You’d be hard-pressed to lose money investing in this space right now because there is going to be tens or even hundreds of billions in M&A and IPOs going forward. Cruise at $1B may look very cheap one day. Acquirers think about how much value the acquisition adds to their long-term market cap. If you’re really thirsty, sometimes you suck it up and pay $3 for a bottle of water if you’ve got no other options. Value and cost aren’t the same things. If Google pays $20 million to acquire an analytics company that might look expensive at the time, but that deal could increase the value of its ad business by an order of magnitude, they’d be insane not to do it.
What will happen to traffic when humans stop driving? How much of it is actual road capacity versus human behavior?
There are already studies on this. Most traffic is caused by humans driving poorly. If we all had smart software driving our cars, we wouldn’t have a lot of the traffic jams. I think it will become much less of a problem.

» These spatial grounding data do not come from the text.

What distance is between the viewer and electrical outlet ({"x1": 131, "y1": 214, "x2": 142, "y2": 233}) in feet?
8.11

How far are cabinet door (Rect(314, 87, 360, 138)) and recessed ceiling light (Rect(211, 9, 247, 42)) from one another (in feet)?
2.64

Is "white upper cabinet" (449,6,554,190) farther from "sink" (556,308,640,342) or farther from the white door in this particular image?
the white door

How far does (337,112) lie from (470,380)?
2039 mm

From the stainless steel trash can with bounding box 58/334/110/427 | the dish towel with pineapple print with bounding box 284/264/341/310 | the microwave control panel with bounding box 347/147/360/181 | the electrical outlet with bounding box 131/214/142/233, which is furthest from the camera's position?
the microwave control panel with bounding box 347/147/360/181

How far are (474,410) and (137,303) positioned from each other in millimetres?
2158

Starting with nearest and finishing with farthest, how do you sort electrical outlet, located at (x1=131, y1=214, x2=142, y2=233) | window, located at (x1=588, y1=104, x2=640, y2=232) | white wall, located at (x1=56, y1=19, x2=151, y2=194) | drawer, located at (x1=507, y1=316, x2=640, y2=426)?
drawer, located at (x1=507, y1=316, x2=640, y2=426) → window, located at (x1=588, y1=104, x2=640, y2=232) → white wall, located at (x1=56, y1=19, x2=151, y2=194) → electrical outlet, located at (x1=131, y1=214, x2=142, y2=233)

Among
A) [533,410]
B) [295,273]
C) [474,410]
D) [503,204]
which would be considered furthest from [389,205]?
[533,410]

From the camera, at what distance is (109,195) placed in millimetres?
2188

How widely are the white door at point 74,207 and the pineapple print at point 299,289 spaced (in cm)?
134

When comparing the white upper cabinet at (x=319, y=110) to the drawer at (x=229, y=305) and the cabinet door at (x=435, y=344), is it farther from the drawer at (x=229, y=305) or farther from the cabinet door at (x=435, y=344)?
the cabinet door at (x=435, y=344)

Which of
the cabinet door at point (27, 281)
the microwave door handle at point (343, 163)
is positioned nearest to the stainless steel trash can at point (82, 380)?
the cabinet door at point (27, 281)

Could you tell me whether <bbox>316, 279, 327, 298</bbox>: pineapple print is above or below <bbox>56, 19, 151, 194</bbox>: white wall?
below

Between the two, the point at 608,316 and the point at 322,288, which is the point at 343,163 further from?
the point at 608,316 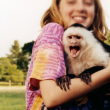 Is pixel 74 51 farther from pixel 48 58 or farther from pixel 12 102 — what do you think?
pixel 12 102

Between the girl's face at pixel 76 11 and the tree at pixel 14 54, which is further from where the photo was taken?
the tree at pixel 14 54

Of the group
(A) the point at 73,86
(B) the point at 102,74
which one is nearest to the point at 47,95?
(A) the point at 73,86

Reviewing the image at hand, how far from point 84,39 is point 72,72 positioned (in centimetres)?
17

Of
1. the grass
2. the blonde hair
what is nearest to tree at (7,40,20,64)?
the grass

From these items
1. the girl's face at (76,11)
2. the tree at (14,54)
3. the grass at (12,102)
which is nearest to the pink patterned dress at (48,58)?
the girl's face at (76,11)

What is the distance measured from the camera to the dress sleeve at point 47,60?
2.64 ft

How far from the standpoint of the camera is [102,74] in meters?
0.80

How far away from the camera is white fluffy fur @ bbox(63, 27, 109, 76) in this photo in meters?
0.97

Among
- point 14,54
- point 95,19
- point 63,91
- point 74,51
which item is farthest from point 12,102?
point 14,54

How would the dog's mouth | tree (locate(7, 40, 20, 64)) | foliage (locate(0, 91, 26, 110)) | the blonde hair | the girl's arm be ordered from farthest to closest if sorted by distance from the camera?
tree (locate(7, 40, 20, 64)) < foliage (locate(0, 91, 26, 110)) < the blonde hair < the dog's mouth < the girl's arm

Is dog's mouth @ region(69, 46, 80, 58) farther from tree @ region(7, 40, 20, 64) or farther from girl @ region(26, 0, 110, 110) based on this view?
tree @ region(7, 40, 20, 64)

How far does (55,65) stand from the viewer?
82 centimetres

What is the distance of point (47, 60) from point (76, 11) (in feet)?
0.96

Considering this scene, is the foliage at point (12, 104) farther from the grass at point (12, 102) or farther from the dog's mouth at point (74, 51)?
the dog's mouth at point (74, 51) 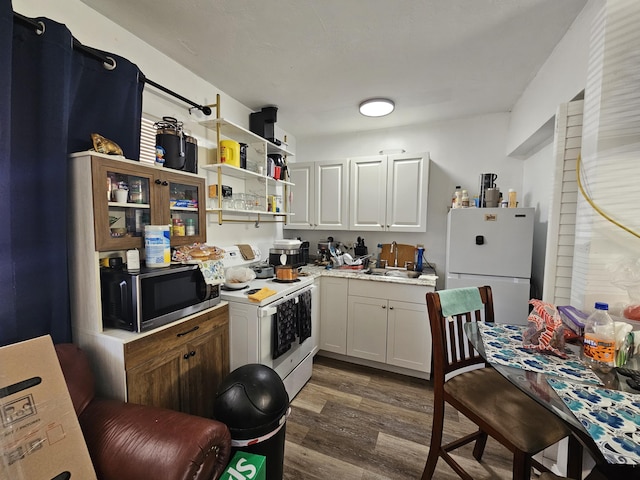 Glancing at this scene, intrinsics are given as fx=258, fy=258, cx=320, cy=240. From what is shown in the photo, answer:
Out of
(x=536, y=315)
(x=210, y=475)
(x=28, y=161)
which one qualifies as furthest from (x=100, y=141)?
(x=536, y=315)

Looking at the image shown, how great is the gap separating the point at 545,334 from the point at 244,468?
137 centimetres

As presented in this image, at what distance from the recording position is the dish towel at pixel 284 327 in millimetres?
1878

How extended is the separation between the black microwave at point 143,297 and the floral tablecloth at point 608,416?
169 cm

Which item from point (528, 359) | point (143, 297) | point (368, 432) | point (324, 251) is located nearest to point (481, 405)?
point (528, 359)

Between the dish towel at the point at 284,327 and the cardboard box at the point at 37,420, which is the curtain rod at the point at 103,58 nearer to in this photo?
the cardboard box at the point at 37,420

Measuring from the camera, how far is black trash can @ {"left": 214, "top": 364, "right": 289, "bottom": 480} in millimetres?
1238

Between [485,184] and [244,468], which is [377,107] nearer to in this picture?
[485,184]

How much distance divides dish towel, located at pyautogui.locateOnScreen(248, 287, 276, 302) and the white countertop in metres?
0.72

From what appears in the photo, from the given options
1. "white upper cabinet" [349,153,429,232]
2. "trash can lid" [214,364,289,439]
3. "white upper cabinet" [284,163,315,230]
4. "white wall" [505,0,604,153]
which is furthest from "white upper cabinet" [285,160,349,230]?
"trash can lid" [214,364,289,439]

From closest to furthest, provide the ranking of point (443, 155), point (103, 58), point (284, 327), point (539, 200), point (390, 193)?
point (103, 58) < point (284, 327) < point (539, 200) < point (390, 193) < point (443, 155)

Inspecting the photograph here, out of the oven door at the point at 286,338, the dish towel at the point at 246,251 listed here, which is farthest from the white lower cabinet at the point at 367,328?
the dish towel at the point at 246,251

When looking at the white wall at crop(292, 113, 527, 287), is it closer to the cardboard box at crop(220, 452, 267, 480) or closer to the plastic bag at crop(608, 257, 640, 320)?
the plastic bag at crop(608, 257, 640, 320)

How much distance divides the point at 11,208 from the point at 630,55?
2.86 metres

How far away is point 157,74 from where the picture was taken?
1.78 meters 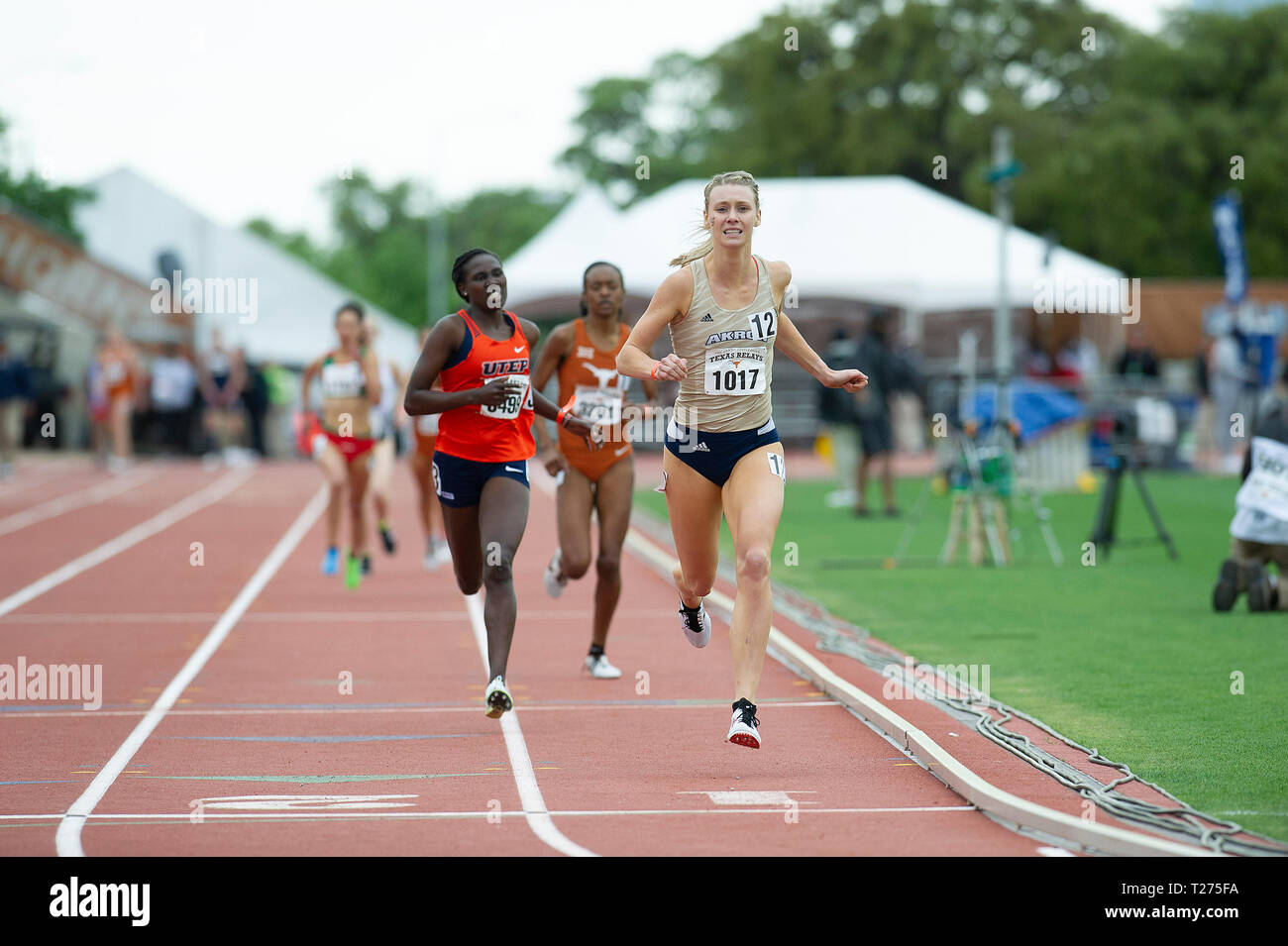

Think about decreasing the cost of deliveries for UPS and FedEx, who they famously do four right turns because it’s faster than making one left turn. But when they start doing deliveries without people, whether it’s pizza or Amazon, they’ll throw it in the trunk, it will come to your house, and you’ll get it out. Or you’ll have some SaaS for a human, like your doorman, to get and take it for you.
In addition to self-driving cars, there is going to be a significant trend to replace last mile logistics, which is potentially a much bigger opportunity than self-driving cars. What happens to FedEx and UPS when you don’t need them anymore?
In the future, the last mile delivery will be done by these conservative robots. With a lower cost of last mile delivery, you’re going to have a whole bunch of apps made for these roaming bots. Just wait till FedEx or UPS starts buying these startups, like GM just bought Cruise. They’re going to realize soon the real value is in last mile delivery, and the rest is commoditized, and they are going to freak out.
*This interview has been edited for clarity.